#### Listed records
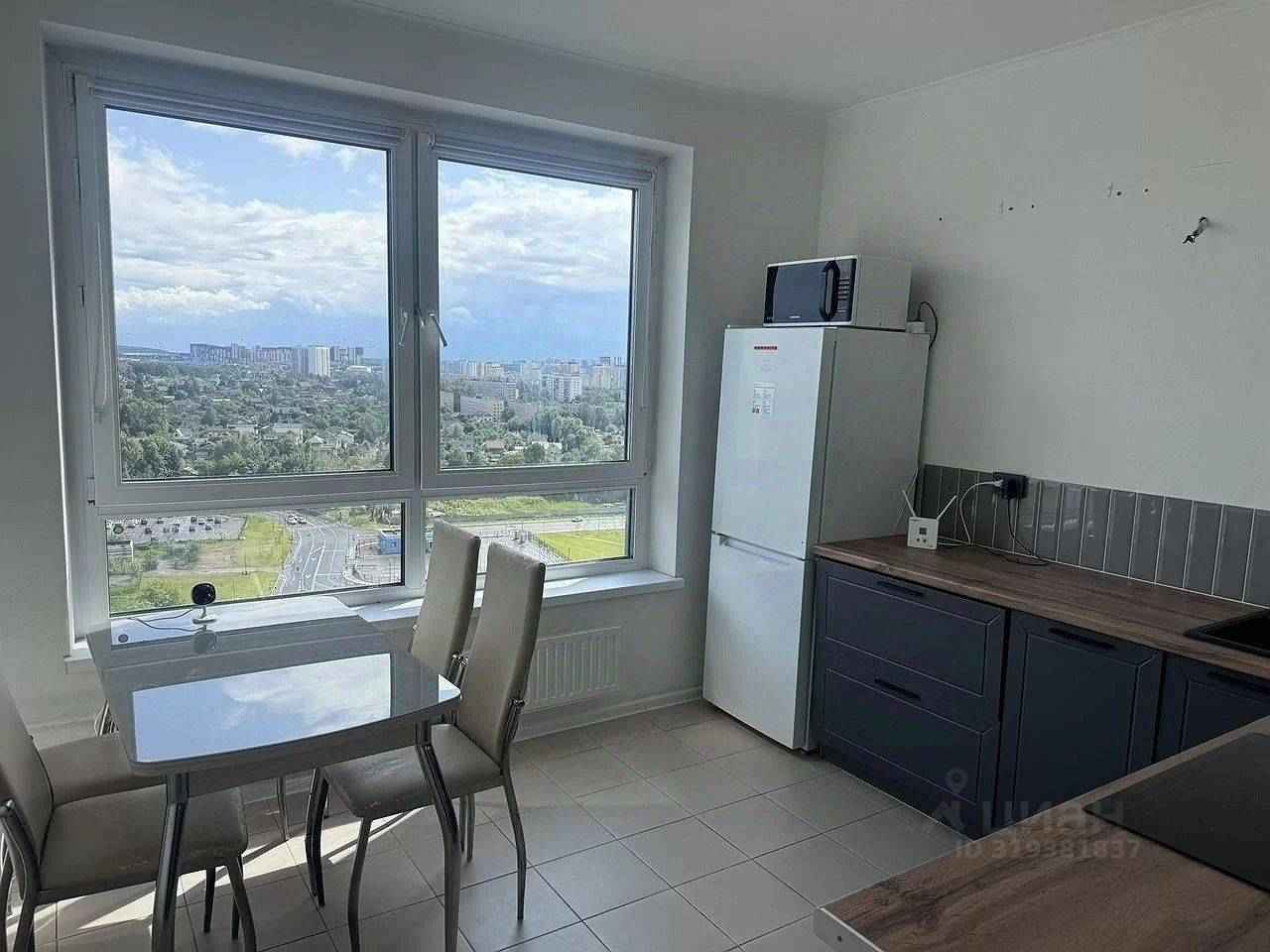 2-комнатная квартира, 72 м² — фотография 3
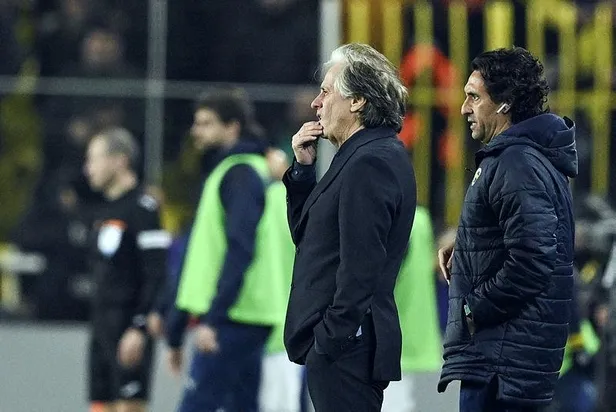 fenerbahce-teknik-direktoru-jorge-jesus-bir-suclu-varsa-o-da-benim-1673227117229.jpeg Fenerbahçe Teknik Direktörü Jorge Jesus: Bir suçlu varsa o da benim-6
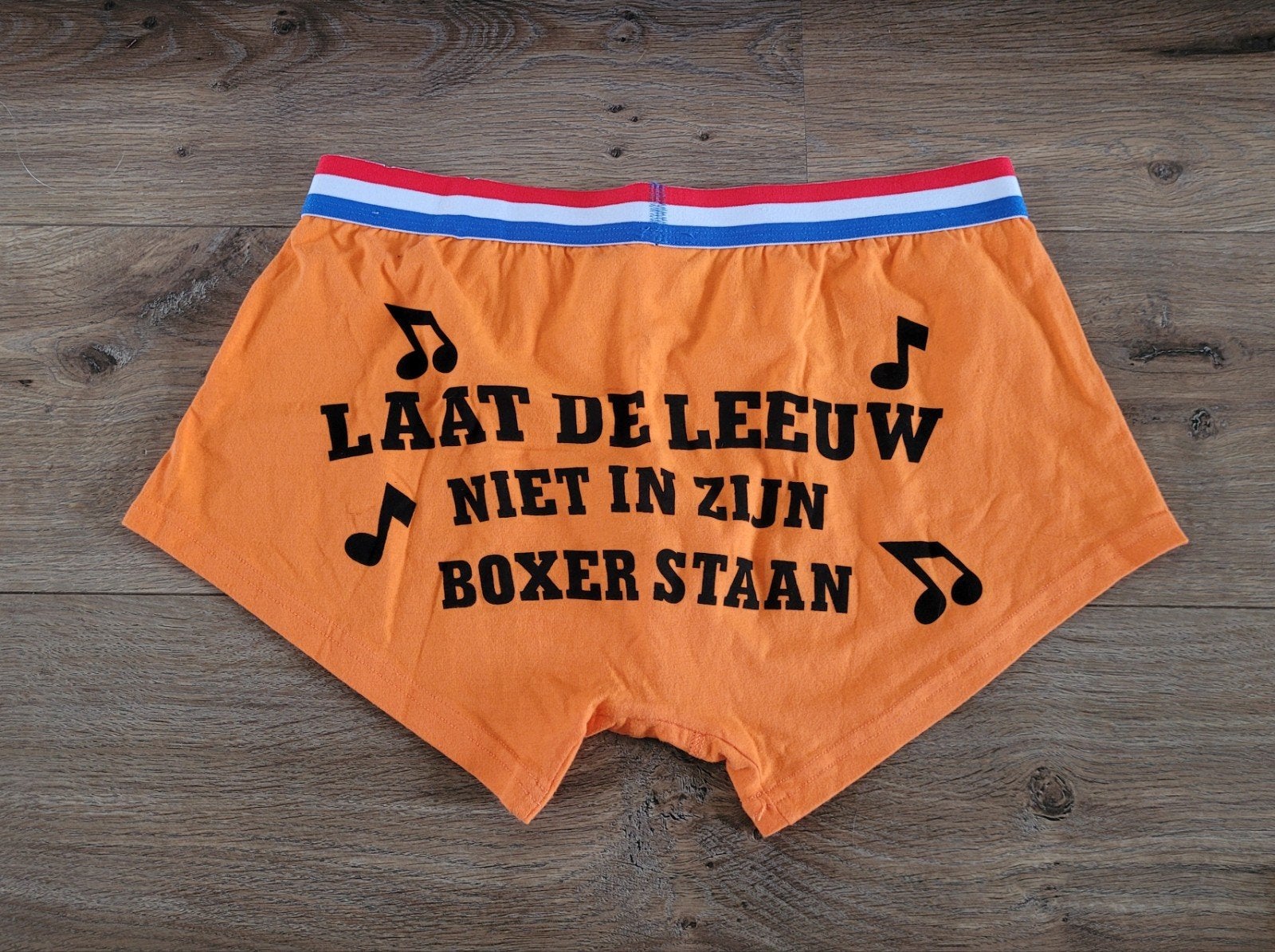 Oranje WK boxer "Laat de leeuw niet ...." maat L, Ophalen of Verzenden, Oranje, Boxer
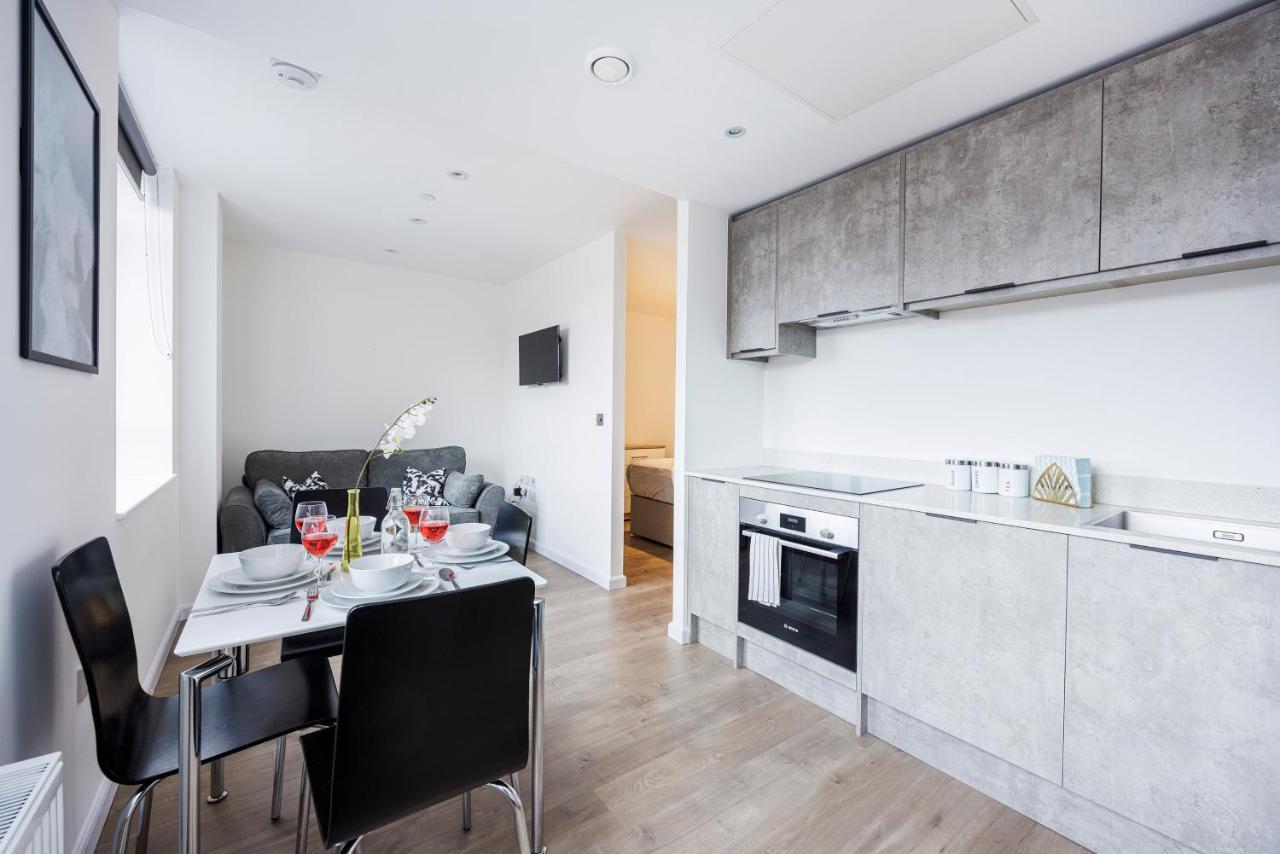Cresta House - Modern Apartments Luton  Exterior foto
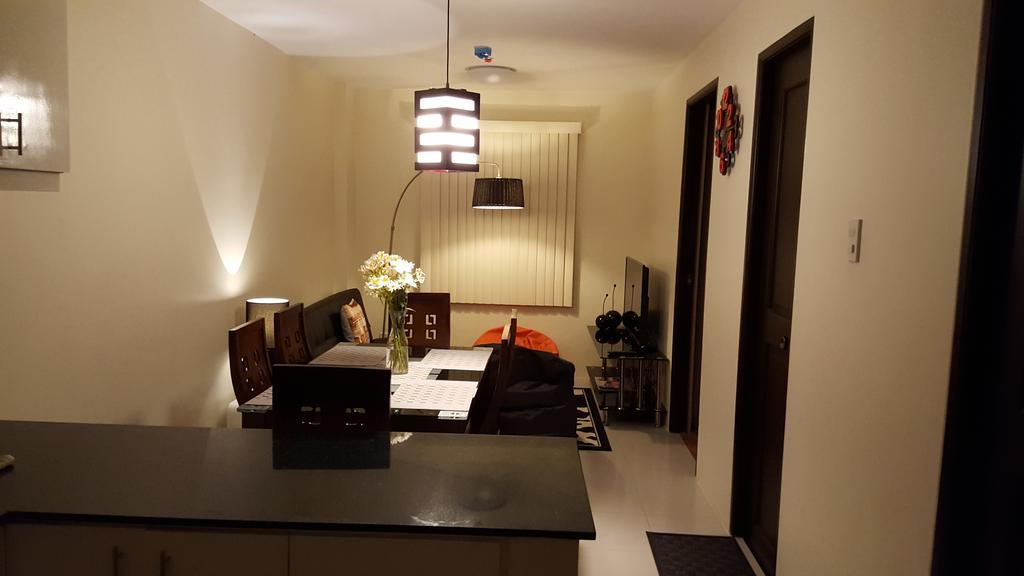 The Courtyards Goshen Apartment Baguio City ภายนอก รูปภาพ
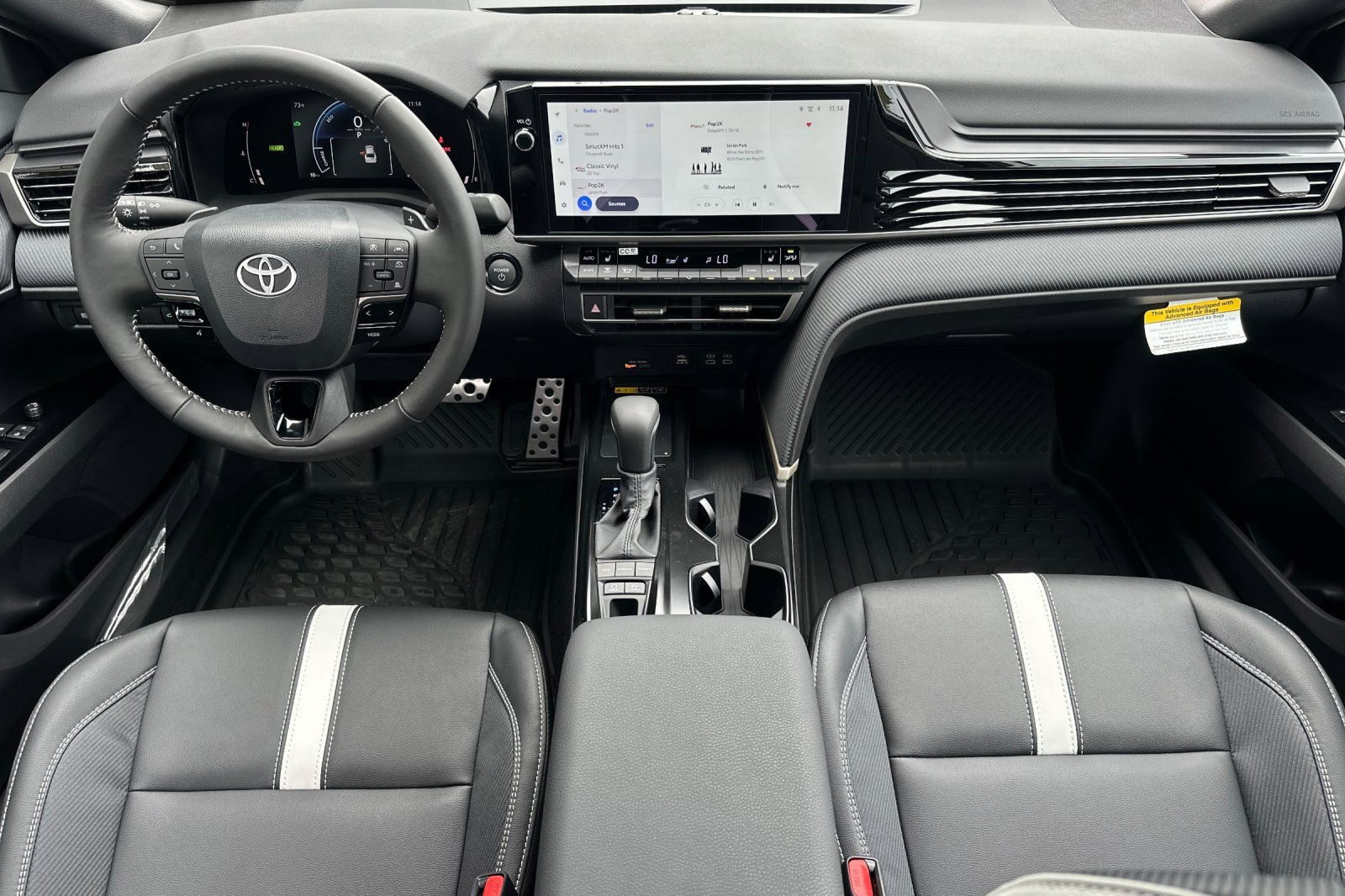 New 2026 Toyota Camry Hybrid image 13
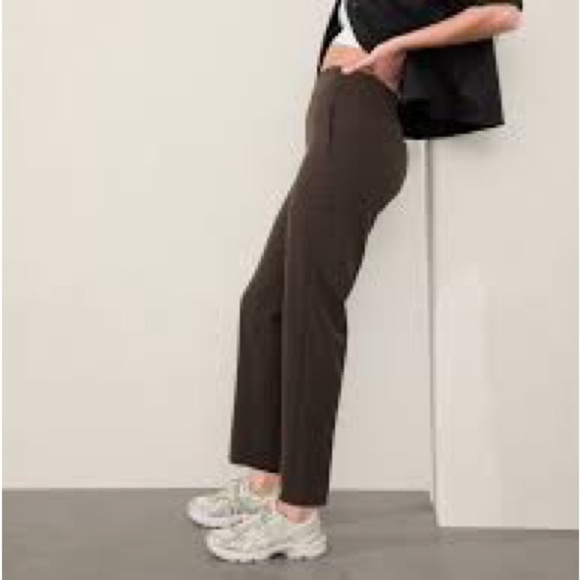 NWT Athleta Endless High Rise Pants in Truffle - Size 10 - Picture 2 of 10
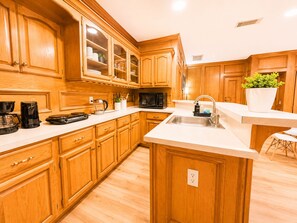 Fridge, oven, stovetop, coffee/tea maker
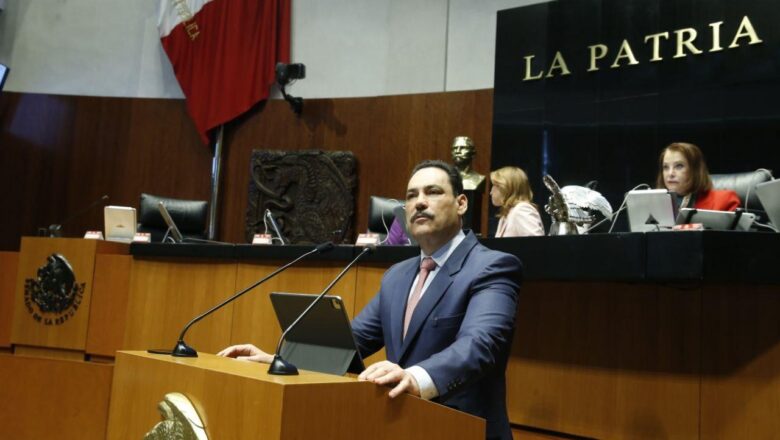 Un paquete de iniciativas en inclusión, educación y tecnología presento el senador del PAN Juan Antonio Martín del Campo
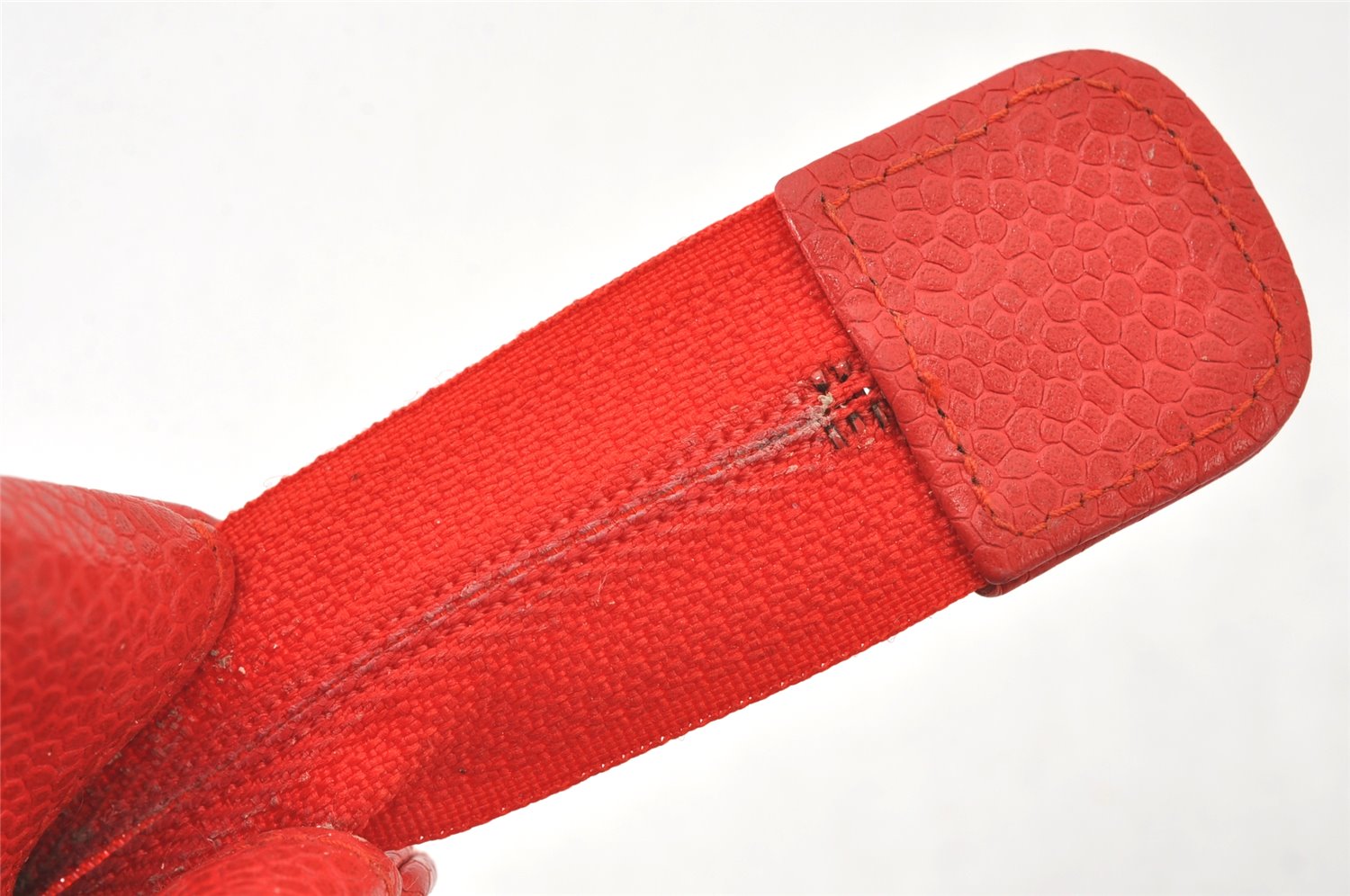 Authentic CHANEL Vintage Caviar Skin Bicolore Pouch Purse Red Junk 5445K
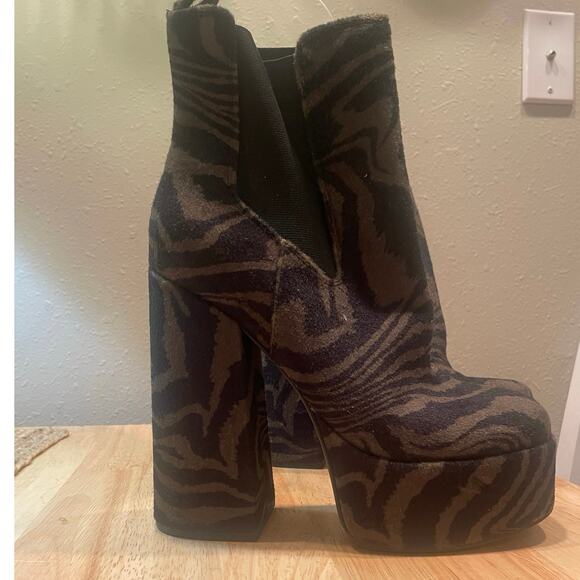 Jessica Simpson Shamira Stretch Platform Chelsea Boots, S99 - Picture 3 of 8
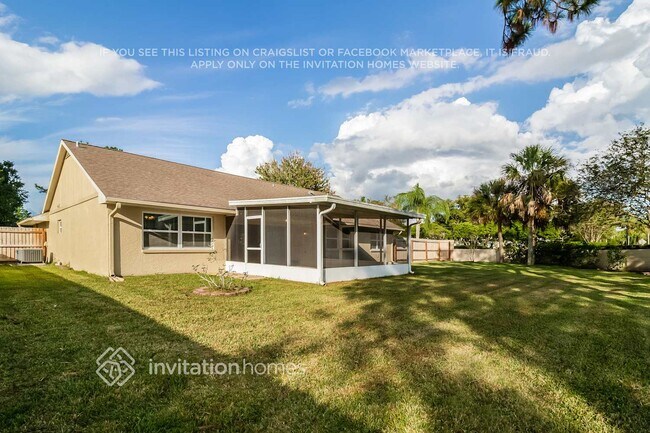 Building Photo - 15103 Southfork Dr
########
▶ _Exercise_: Your answer must be an exact copy of the lines above, from the line that contains "o da benim-6" through the final line, with no pictures in it.

▶ _Solution to this task_:
 fenerbahce-teknik-direktoru-jorge-jesus-bir-suclu-varsa-o-da-benim-1673227117229.jpeg Fenerbahçe Teknik Direktörü Jorge Jesus: Bir suçlu varsa o da benim-6
 Oranje WK boxer "Laat de leeuw niet ...." maat L, Ophalen of Verzenden, Oranje, Boxer
Cresta House - Modern Apartments Luton  Exterior foto
 The Courtyards Goshen Apartment Baguio City ภายนอก รูปภาพ
 New 2026 Toyota Camry Hybrid image 13
 NWT Athleta Endless High Rise Pants in Truffle - Size 10 - Picture 2 of 10
 Fridge, oven, stovetop, coffee/tea maker
 Un paquete de iniciativas en inclusión, educación y tecnología presento el senador del PAN Juan Antonio Martín del Campo
 Authentic CHANEL Vintage Caviar Skin Bicolore Pouch Purse Red Junk 5445K
 Jessica Simpson Shamira Stretch Platform Chelsea Boots, S99 - Picture 3 of 8
 Building Photo - 15103 Southfork Dr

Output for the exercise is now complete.